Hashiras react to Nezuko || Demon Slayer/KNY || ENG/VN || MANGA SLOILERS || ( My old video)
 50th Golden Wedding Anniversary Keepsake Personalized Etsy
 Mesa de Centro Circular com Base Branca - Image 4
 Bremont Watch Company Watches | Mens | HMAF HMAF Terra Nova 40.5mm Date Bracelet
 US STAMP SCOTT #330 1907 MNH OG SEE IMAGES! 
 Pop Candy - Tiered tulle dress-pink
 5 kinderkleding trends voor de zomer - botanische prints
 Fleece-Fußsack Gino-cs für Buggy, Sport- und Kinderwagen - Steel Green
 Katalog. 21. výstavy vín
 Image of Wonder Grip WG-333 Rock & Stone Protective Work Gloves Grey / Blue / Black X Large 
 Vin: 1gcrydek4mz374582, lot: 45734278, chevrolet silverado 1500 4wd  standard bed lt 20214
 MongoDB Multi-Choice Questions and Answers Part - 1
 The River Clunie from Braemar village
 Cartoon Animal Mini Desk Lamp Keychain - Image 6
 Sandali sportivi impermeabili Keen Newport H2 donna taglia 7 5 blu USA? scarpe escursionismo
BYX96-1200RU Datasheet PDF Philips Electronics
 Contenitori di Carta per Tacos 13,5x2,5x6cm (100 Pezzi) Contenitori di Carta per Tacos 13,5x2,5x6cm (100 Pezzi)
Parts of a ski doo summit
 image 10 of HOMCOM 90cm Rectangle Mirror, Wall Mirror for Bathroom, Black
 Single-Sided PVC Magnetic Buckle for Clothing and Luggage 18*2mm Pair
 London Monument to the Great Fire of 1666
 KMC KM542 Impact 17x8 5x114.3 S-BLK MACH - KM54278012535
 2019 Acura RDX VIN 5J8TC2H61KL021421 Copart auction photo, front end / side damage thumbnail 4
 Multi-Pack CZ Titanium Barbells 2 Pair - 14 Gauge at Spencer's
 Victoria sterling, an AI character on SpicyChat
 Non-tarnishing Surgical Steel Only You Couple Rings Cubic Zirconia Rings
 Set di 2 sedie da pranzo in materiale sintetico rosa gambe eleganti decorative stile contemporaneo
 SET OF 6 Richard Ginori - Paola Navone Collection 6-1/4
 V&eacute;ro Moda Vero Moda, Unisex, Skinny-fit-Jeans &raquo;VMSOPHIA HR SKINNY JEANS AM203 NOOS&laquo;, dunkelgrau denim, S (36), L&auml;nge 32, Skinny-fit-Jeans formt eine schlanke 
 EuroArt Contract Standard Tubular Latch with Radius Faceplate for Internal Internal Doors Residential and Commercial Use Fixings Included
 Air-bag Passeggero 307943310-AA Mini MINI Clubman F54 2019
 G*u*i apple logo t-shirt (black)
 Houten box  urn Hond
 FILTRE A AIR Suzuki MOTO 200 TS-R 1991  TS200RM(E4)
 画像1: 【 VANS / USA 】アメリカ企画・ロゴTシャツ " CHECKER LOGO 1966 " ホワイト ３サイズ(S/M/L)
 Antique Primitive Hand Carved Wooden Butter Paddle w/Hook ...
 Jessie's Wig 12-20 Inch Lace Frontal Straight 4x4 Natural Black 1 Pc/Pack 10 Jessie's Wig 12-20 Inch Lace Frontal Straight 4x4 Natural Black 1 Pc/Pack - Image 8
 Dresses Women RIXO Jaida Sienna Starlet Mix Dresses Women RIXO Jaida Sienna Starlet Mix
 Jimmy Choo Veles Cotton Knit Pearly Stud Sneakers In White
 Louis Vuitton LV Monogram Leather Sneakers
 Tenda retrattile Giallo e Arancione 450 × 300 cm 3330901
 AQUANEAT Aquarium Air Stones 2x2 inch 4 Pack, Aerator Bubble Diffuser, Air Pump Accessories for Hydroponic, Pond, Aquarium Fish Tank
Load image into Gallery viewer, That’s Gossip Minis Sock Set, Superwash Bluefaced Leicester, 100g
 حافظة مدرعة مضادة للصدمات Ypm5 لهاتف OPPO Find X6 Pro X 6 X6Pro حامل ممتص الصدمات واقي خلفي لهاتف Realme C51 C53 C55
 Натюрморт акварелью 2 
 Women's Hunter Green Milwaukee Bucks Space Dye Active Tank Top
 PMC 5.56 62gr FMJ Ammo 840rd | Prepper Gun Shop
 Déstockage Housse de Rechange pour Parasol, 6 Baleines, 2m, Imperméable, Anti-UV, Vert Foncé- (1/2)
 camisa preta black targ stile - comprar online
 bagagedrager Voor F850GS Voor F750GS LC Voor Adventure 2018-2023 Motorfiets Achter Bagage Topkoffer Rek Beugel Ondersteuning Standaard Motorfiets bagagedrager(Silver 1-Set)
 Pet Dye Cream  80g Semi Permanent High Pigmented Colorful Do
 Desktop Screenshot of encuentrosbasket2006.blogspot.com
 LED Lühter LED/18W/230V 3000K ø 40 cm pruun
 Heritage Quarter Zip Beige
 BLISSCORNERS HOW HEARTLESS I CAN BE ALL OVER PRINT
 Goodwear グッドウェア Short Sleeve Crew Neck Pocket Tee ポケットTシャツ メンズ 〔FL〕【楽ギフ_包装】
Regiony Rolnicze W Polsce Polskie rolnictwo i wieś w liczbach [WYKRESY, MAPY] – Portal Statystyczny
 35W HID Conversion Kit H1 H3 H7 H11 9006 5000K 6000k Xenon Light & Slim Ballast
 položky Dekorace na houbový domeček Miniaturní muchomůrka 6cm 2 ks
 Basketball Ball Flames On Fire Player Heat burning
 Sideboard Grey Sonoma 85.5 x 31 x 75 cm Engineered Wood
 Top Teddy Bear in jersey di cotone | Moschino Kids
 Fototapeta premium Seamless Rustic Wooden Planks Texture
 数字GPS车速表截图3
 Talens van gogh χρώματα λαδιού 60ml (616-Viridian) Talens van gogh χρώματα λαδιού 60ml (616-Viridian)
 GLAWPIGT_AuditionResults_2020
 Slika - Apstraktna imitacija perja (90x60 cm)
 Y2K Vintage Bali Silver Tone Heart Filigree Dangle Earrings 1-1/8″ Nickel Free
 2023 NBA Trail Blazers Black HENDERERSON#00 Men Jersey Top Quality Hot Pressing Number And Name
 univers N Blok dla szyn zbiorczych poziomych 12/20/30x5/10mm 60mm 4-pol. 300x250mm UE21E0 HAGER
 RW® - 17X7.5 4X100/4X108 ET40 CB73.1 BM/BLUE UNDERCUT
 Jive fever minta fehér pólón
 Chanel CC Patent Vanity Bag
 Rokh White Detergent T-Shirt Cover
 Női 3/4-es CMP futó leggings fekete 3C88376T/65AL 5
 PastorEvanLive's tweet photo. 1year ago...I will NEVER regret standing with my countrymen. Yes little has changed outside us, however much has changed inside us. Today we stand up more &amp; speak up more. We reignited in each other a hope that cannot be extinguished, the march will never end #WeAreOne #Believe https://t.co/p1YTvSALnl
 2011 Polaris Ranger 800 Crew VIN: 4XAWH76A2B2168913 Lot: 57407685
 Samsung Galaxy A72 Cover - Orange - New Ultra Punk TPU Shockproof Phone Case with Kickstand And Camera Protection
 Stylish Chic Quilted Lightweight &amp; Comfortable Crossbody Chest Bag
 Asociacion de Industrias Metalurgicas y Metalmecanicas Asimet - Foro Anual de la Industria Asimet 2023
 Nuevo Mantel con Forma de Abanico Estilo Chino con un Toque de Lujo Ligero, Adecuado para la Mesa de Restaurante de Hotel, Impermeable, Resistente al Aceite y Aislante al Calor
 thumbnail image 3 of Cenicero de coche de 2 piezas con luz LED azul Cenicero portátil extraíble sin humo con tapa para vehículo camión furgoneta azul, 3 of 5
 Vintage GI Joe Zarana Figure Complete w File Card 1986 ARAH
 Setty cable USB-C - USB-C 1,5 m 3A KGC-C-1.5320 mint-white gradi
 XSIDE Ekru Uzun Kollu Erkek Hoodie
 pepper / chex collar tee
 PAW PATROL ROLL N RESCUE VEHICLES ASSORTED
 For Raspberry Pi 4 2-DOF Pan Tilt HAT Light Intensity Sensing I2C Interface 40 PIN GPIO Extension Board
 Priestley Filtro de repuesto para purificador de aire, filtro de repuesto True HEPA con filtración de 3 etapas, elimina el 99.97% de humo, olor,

- TASK GOAL
Return all lines from the data above with "Cover" in them.

- OUTPUT OF THE EXERCISE
 Rokh White Detergent T-Shirt Cover
 Samsung Galaxy A72 Cover - Orange - New Ultra Punk TPU Shockproof Phone Case with Kickstand And Camera Protection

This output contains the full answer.